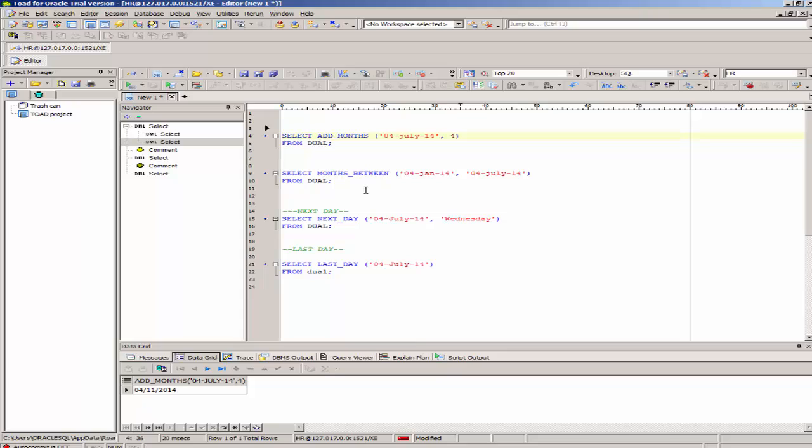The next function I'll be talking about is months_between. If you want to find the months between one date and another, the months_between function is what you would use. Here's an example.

==

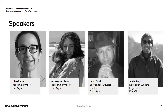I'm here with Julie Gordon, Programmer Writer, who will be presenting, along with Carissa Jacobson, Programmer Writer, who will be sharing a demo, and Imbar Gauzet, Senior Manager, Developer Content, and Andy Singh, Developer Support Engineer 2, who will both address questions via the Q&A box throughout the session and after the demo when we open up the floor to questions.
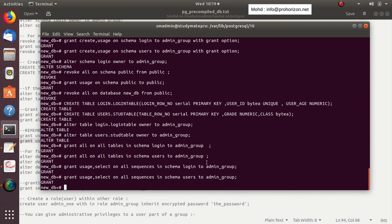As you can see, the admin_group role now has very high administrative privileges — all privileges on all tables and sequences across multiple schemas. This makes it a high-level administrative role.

==

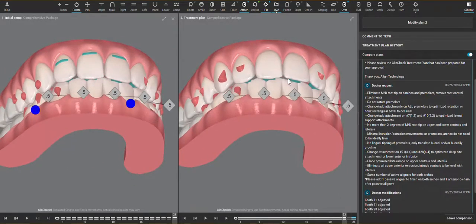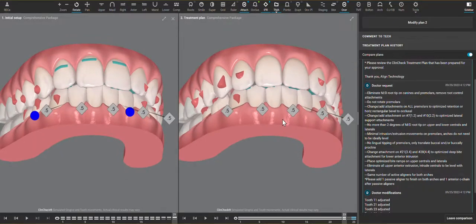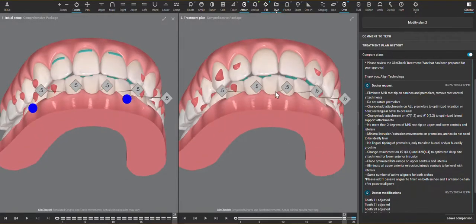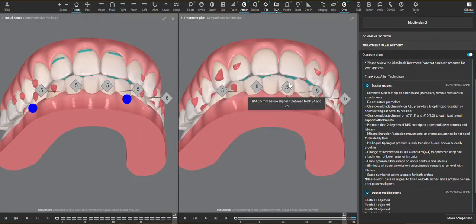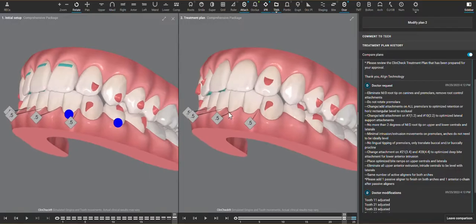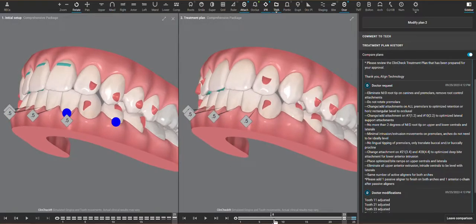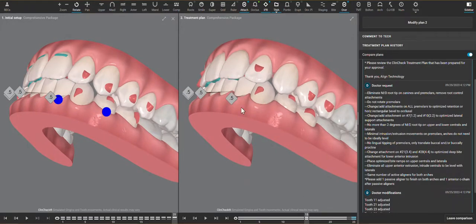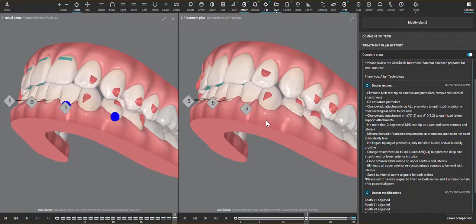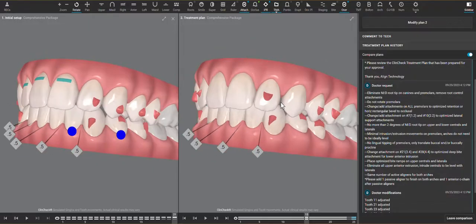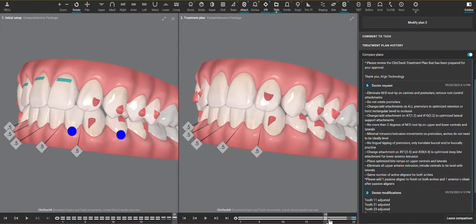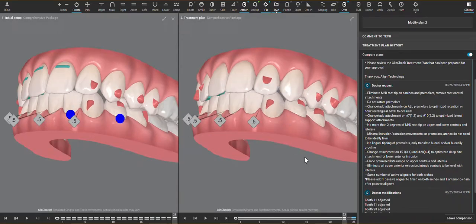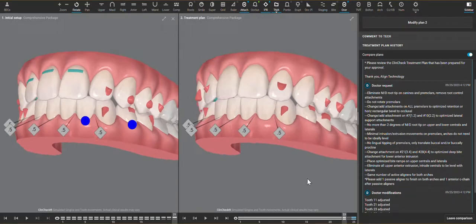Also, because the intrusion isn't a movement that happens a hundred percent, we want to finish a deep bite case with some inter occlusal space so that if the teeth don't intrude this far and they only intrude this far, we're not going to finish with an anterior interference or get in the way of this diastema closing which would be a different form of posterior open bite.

> _THE PROBLEM_: Find the line with "I'm here with" and the line with "As you can see, the" in the records above. Copy both and all lines between them exactly, without pictures.

> _SOLUTION TO THE PROBLEM_:
I'm here with Julie Gordon, Programmer Writer, who will be presenting, along with Carissa Jacobson, Programmer Writer, who will be sharing a demo, and Imbar Gauzet, Senior Manager, Developer Content, and Andy Singh, Developer Support Engineer 2, who will both address questions via the Q&A box throughout the session and after the demo when we open up the floor to questions.
As you can see, the admin_group role now has very high administrative privileges — all privileges on all tables and sequences across multiple schemas. This makes it a high-level administrative role.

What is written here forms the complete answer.